The passengers began to cough and gag! And then, coming out of the mist, no longer white, was the woman. I remember how she stood there for a moment, perfectly still, her arms outstretched, her mouth a cavernous hole, and a strand of sewage hanging down, slowly connected to her lower lip. And that was when she began to wail.
Several passengers ran to assist her, but … WOAH! Bowel movements covered her like an infestation of leeches!
Probably in shock, and just trying to seek help, she began to come at us, wailing.
And when she drew near, a bunch of the passengers surged from that side of the boat to the other. Thereupon, slowly – like a reanimated corpse – she turned, and made her new approach.
And when she got near again, all the passengers surged back to the other side.
She pivoted, and kept coming. She just … kept … coming!
What we didn’t realize was what was happening up at the helm of the ship. With more than 150 people going back and forth, and back and forth, we had completely over-powered the steering system, causing the boat to spiral dangerously off course.
Oh, NOW the captain wanted to engage with us!
He was suddenly in our midst, grabbing people and hurling them down onto the stainless steel benches, instructing them to be calm. And then … he saw her. And he was at great pains to try imagine what could have possibly happened to her. No one had ever experienced something like this before.
Suddenly, there was a sickening grating sound.
And then, the entire boat began to shudder, followed by …
[Makes a sound something like “Schwiiiiiiiiissssssskkkkkkkkkk-unkhhhhh!”]
… and we lurched to a complete standstill. We had run aground.
Well, eventually we had to be rescued by another boat, and we were taken to a town on the north coast of Java. Where there appeared an article in the local newspaper, about us. The headline read, “Passengers call for stricter enforcement of capacity limits.”

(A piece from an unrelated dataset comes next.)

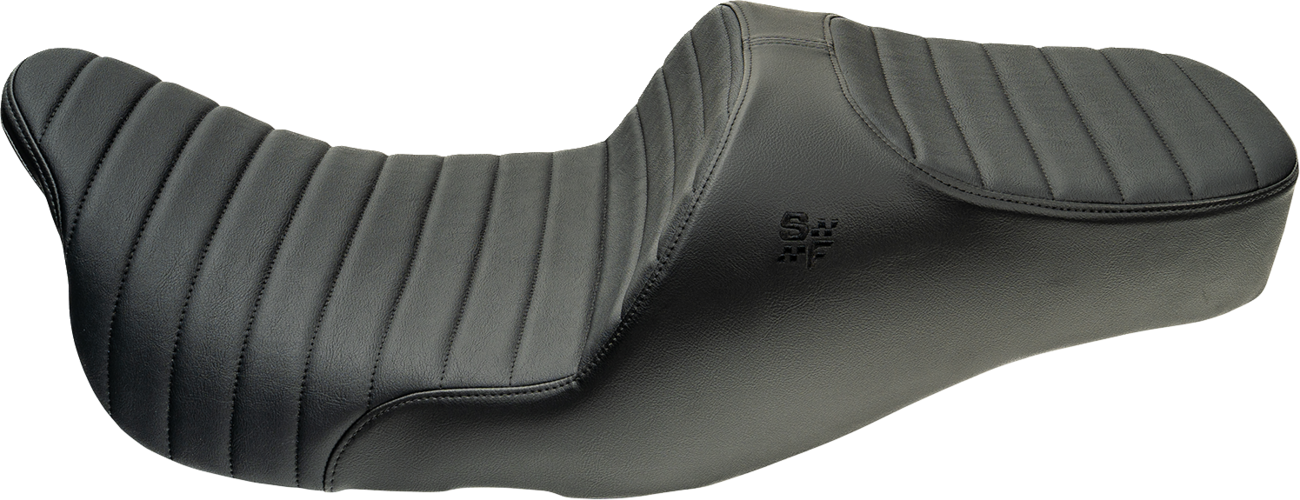 Slyfox Chariot Seat - Black Classic Stitch - Black Logo - FLH/FLT '09-'23.5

Interestingly, there was a statement in the article from the indignant captain. Many times he’d made this journey, with many more passengers. The problem with us, he said, was that we were particularly full of s---. He answered our complaints with an appeal of his own that passengers should be required to s--- before getting on the boat. And his plight should serve as an example to ship captains around the world!
Well, I’m sure that over the last thirty years Indonesia has come into full compliance with all rules and regulations.
And me, far from seeing it as thrilling or exciting, I now see the failure to obey a warning as a failure of the imagination. I’ve learned that all warnings contain some wisdom, and wisdom is always based on experience.
So whether a sign reads “MAXIMUM CAPACITY 50,” or “PASSENGERS MUST S--- BEFORE BOARDING THE BOAT,” or “DO NOT SIT ON THE CROCODILES,” or “NO DRUNKEN DANCING NEAR THE EDGE,” or “REMAIN BEHIND THE PLASTIC SHIELD WHEN VIEWING THE APE,” I remind myself that there’s probably a true and unimaginable story behind it.